Find number of trials to be done to get specified uncertainty?

[sloane729]

Homework Statement

This has been bothering me for quite a while. I'm trying to work out how many measurements I will need to make to get my uncertainty under a predetermined value. If say I want the a fractional uncertainty \frac{\delta T}{T} to be equal to or under some value for some timed event, how would I calculate the number of trials I will need to make to get that uncertainty.

Homework Equations

the standard deviation of some quantity to be measured T is
s = \left( \frac{1}{N-1}\sum_i (T_i - \overbar{T})^2 \right)^{1/2}
then
\delta T = u = \frac{s}{\sqrt{N}}

The Attempt at a Solution

Since to calculate the uncertainty \delta T I would need first find the average of all values of T_i then find the standard deviation divided by the square root of the number of trials which is equal to\delta T. But the number of trials is what I need to find but I can't know it without first finding the average value which is not possible because I need the number of trials etc. It seems like a round about problem if I'm not mistaken

 

[rude man]

If you make N measurements of T then your error reduces to δT = (1/√N) times the error you get from making just 1 measurement.

So the answer to your question depends on how small you want the final δT to be. The error will continue to drop as 1/√N from your first measurement error:

(δT)_N = (δT)₁/√N.

 

[sloane729]

so s (from above) is the error from making just a single measurement not the standard deviation of all the T_i's?

 

[mfb]

s is the estimated* standard deviation of a single measurement.
*as you use your own data to estimate this deviation.

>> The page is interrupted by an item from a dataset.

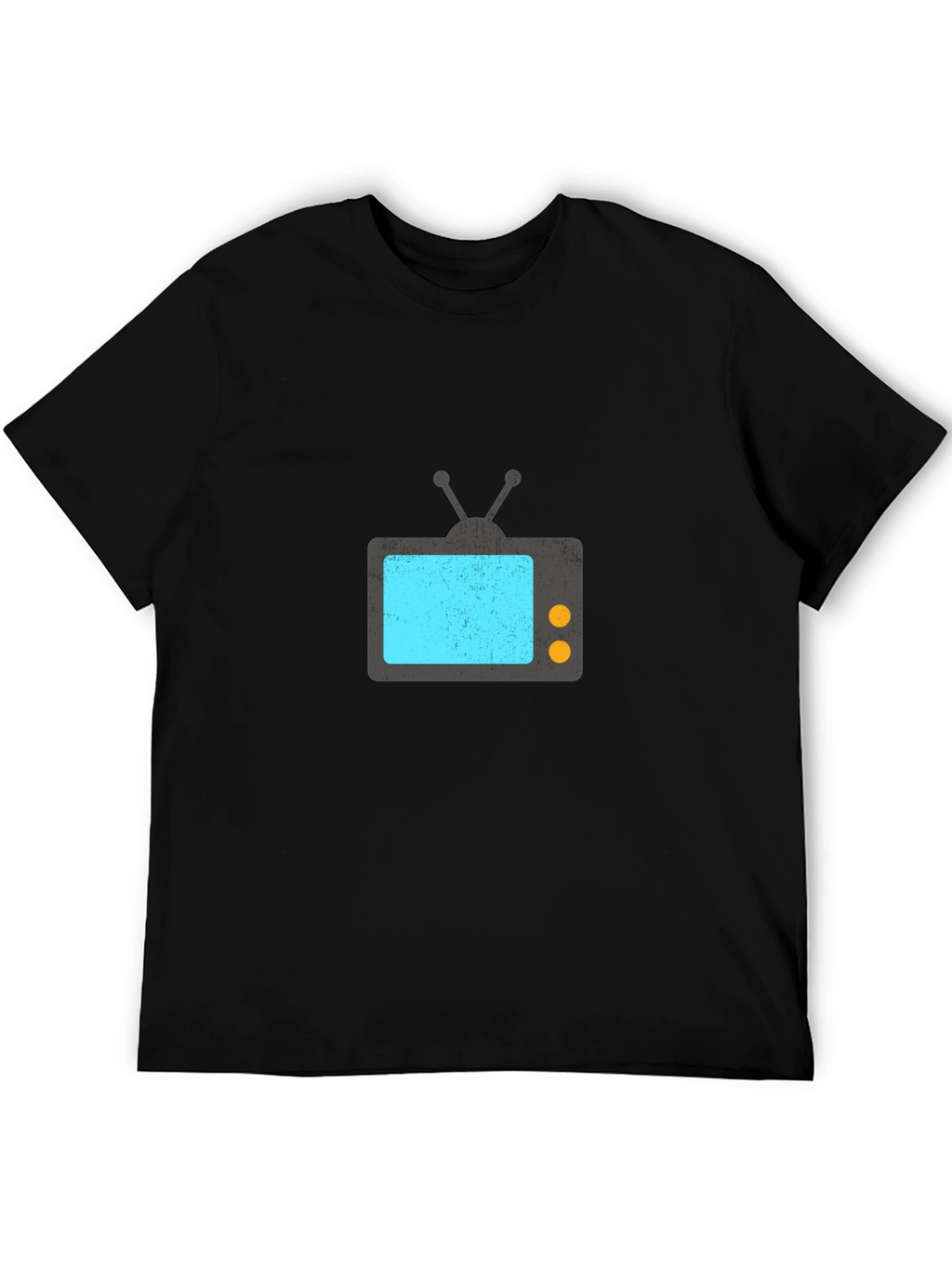 Retro TV Graphic Tee - Black Casual T-Shirt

But the number of trials is what I need to find but I can't know it without first finding the average value which is not possible because I need the number of trials etc. It seems like a round about problem if I'm not mistaken

If you know nothing about your measurements, you cannot determine the required number of measurements, right. If you have some way to estimate the mean and standard deviation (because you already took some data, or took similar data in the past, or have some theory prediction or whatever), you can use this formula with those estimates for mean and standard deviation.

 

[sloane729]

thanks for the help. I have one final question: (δT)₁ is the random error of a single measurement but what if I wanted to include systematic error? Would I need to take the square of both errors and then take the square root of the sum since the above equations assumes only statistical fluctuations of T.

 

[mfb]

Systematic errors which are the same for all data points? In that case, the method you described works both for the uncertainty of a single point and the uncertainty of the mean.